AWS Route 53 Routing Policy

~ Last updated on : ~ jayendrapatil ~ 7 Comments

AWS Route 53 Routing Policy

AWS Route 53 routing policy determines how AWS would respond to the DNS queries and provides multiple routing policy options.

Simple Routing Policy

  • Simple routing policy is a simple round-robin policy and can be applied when there is a single resource doing the function for the domain e.g. web server that serves content for the website.
  • Simple routing helps configure standard DNS records, with no special Route 53 routing such as weighted or latency.
  • Route 53 responds to the DNS queries based on the values in the resource record set e.g. IP address in an A record.
  • Simple routing does not allow the creation of multiple records with the same name and type, but multiple values can be specified in the same record, such as multiple IP addresses.
  • Route 53 displays all the values to resolve it recursively in random order and the resolver displays the values for the client. The client then chooses a value and resends the query.
  • Simple routing policy does not support health checks, so the record would be returned to the client even if it is unhealthy.
  • With Alias record enabled, only one AWS resource or one record can be specified in the current hosted zone.

Weighted Routing Policy

  • Weighted routing policy helps route traffic to different resources in specified proportions (weights) e.g., 75% to one server and 25% to the other during a pilot release
  • Weights can be assigned between any number from 0 to 255 inclusive.
  • Weighted routing policy can be applied when there are multiple resources that perform the same function e.g., webservers serving the same site
  • Weighted resource record sets allow associating multiple resources with a single DNS name.
  • Weighted routing policy use cases include
    • load balancing between regions
    • A/B testing and piloting new versions of software
  • To create a group of weighted resource record sets, two or more resource record sets can be created that has the same combination of DNS name and type, and each resource record set is assigned a unique identifier and a relative weight.
  • When processing a DNS query, Route 53 searches for a resource record set or a group of resource record sets that have the specified name and type.
  • Route 53 selects one from the group. The probability of any one resource record set being selected depends on its weight as a proportion of the total weight for all resource record sets in the group for e.g., suppose www.example.com has three resource record sets with weights of 1 (20%), 1 (20%), and 3 (60%)(sum = 5). On average, Route 53 selects each of the first two resource records sets one-fifth of the time and returns the third resource record set three-fifths of the time.
  • Weighted routing policy supports health checks.

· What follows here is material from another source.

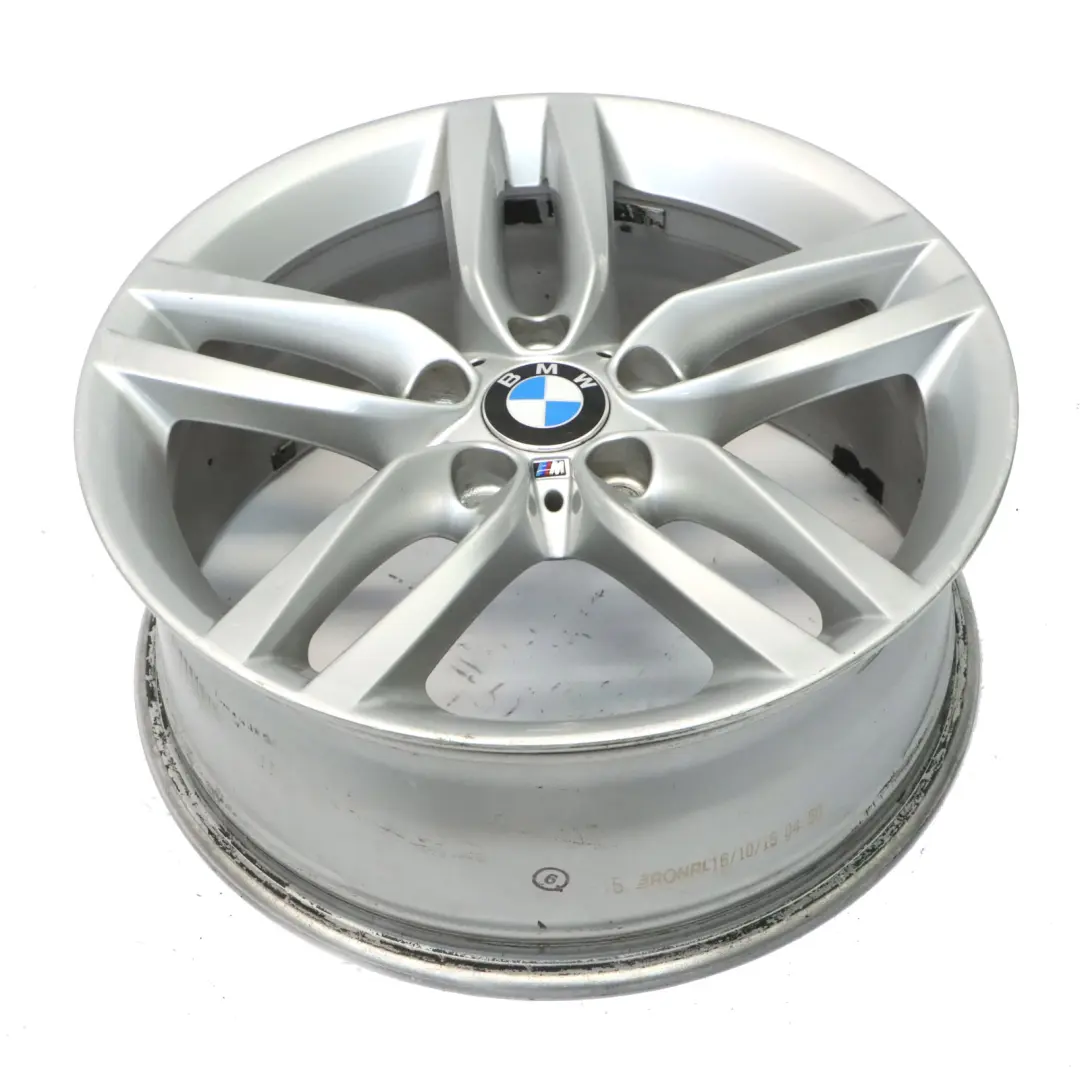 BMW F20 F21 Silver Alloy Wheel Rim 18" 7,5J ET:45 M Double Spoke 461 7846784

Latency-based Routing (LBR) Policy

  • Latency-based Routing Policy helps respond to the DNS query based on which data center gives the user the lowest network latency.
  • Latency-based routing policy can be used when there are multiple resources performing the same function and Route 53 needs to be configured to respond to the DNS queries with the resources that provide the fastest response with the lowest latency.
  • A latency resource record set can be created for the EC2 resource in each region that hosts the application. When Route 53 receives a query for the corresponding domain, it selects the latency resource record set for the EC2 region that gives the user the lowest latency. Route 53 then responds with the value associated with that resource record set for e.g., you might have web servers for example.com in the EC2 data centers in Ireland and in Tokyo. When a user browses example.com from Singapore, Route 53 will pick up the data center (Tokyo) which has the lowest latency from the user’s location
  • Latency between hosts on the Internet can change over time as a result of changes in network connectivity and routing. Latency-based routing is based on latency measurements performed over a period of time, and the measurements reflect these changes for e.g. if the latency from the user in Singapore to Ireland improves, the user can be routed to Ireland
  • Latency-based routing cannot guarantee users from the same geographic will be served from the same location for any compliance reason
  • Latency resource record sets can be created using any record type that Route 53 supports except NS or SOA.
  • Latency-based routing policy supports health checks.

Failover Routing Policy

  • Failover routing policy allows active-passive failover configuration, in which one resource (primary) takes all traffic when it’s healthy and the other resource (secondary) takes all traffic when the first isn’t healthy.
  • Route 53 health checking agents will monitor each location/endpoint of the application to determine its availability.
  • Failover routing policy is applicable for Public hosted zones only.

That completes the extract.